Description of the task: The response should contain only the line with "Quilted Denim Shoulder Bag Blue" and every line after it to the end of the listing below, duplicated exactly; no picture belongs in it.

Data provided:
########################################

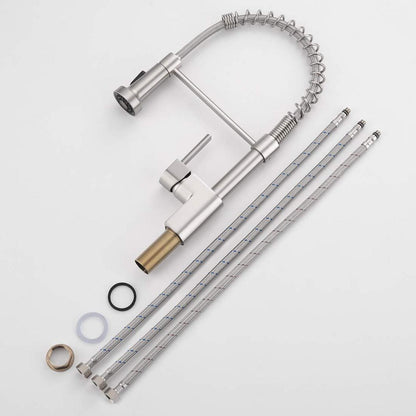 Niederdruck Küchenarmatur mit Brause – Gebürstetes Nickel
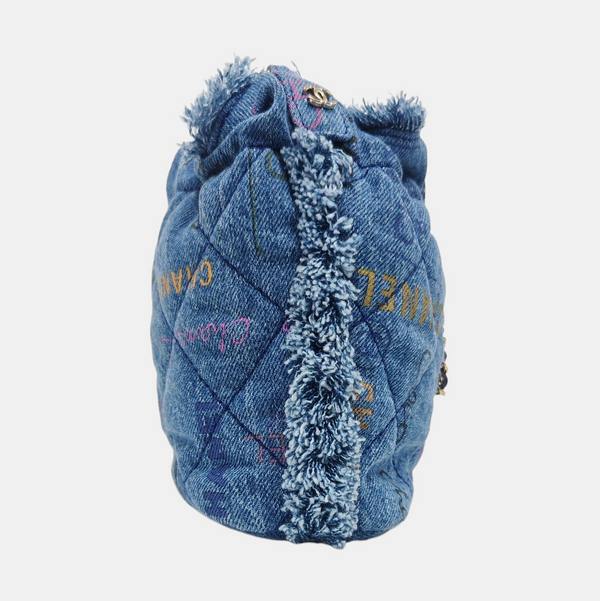 Quilted Denim Shoulder Bag Blue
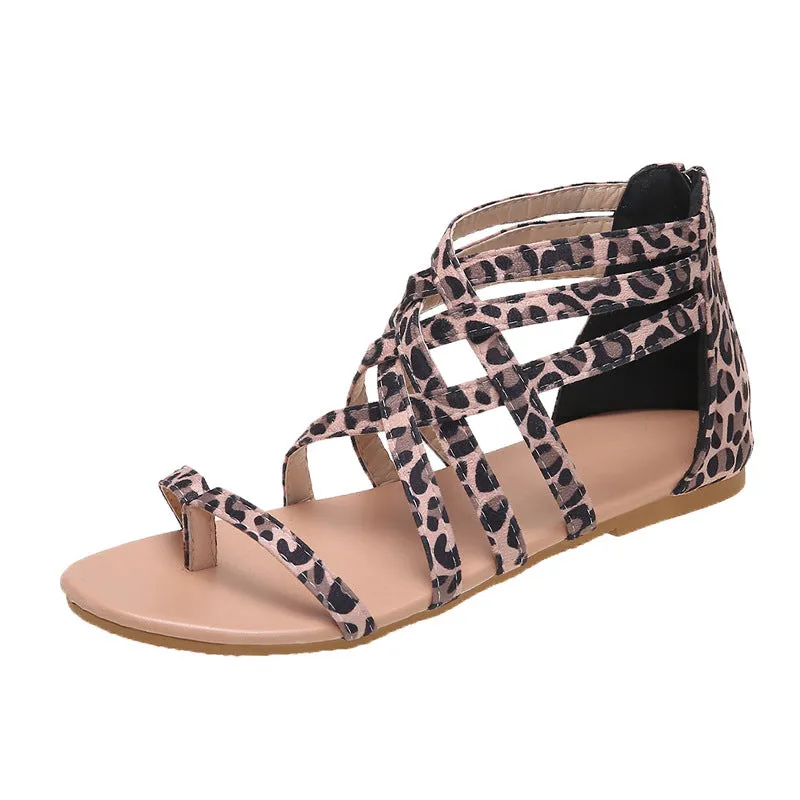 Women's Braided Cross Strap Back Zip Roman Shoes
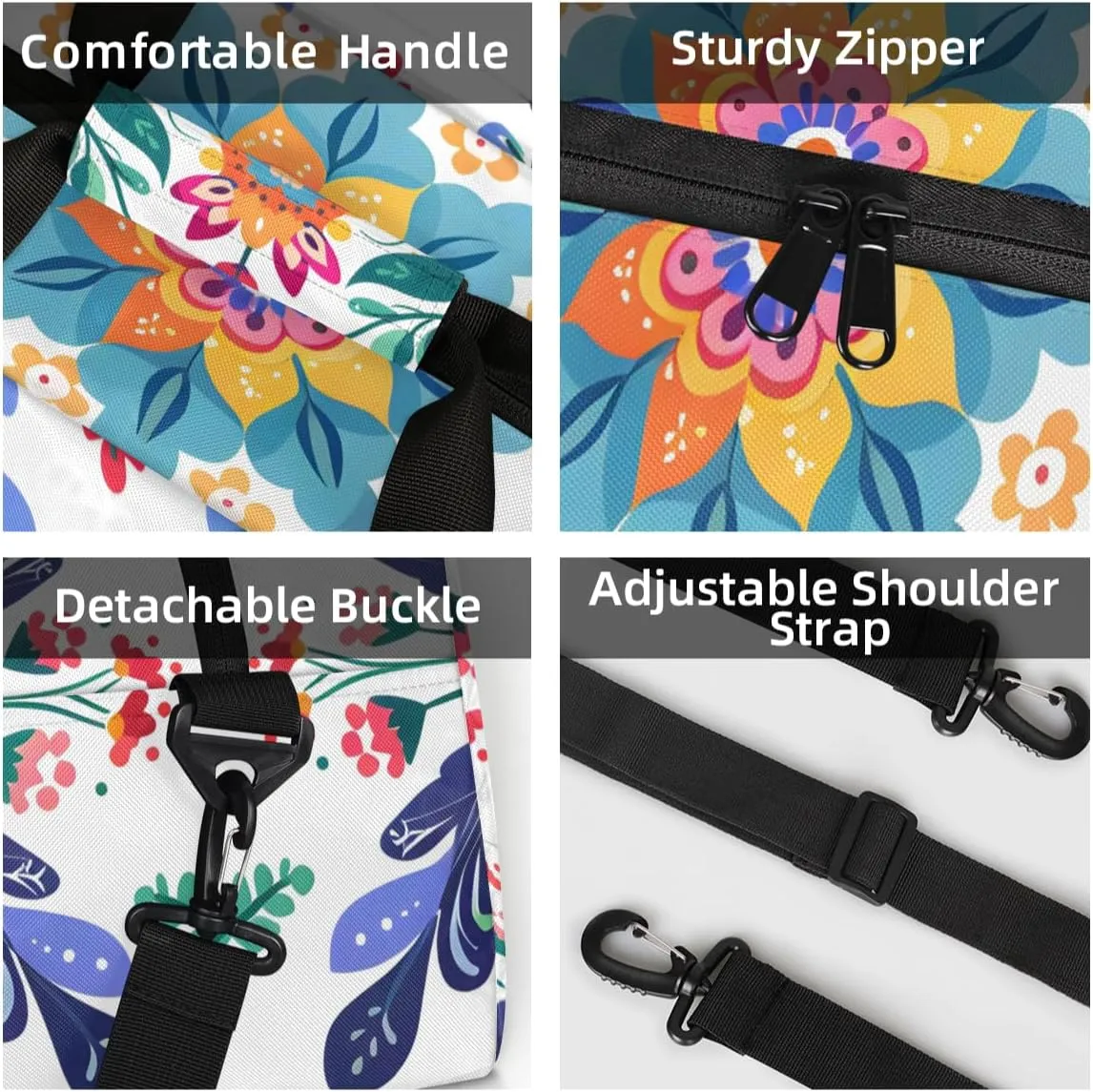 Personalized Custom Gym Bag for Women Men Carry on Colorful Floral Travel Duffel Tote Summer Flowers Overnight Workout Weekender Bag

########################################

Result of this exercise:
 Quilted Denim Shoulder Bag Blue
 Women's Braided Cross Strap Back Zip Roman Shoes
 Personalized Custom Gym Bag for Women Men Carry on Colorful Floral Travel Duffel Tote Summer Flowers Overnight Workout Weekender Bag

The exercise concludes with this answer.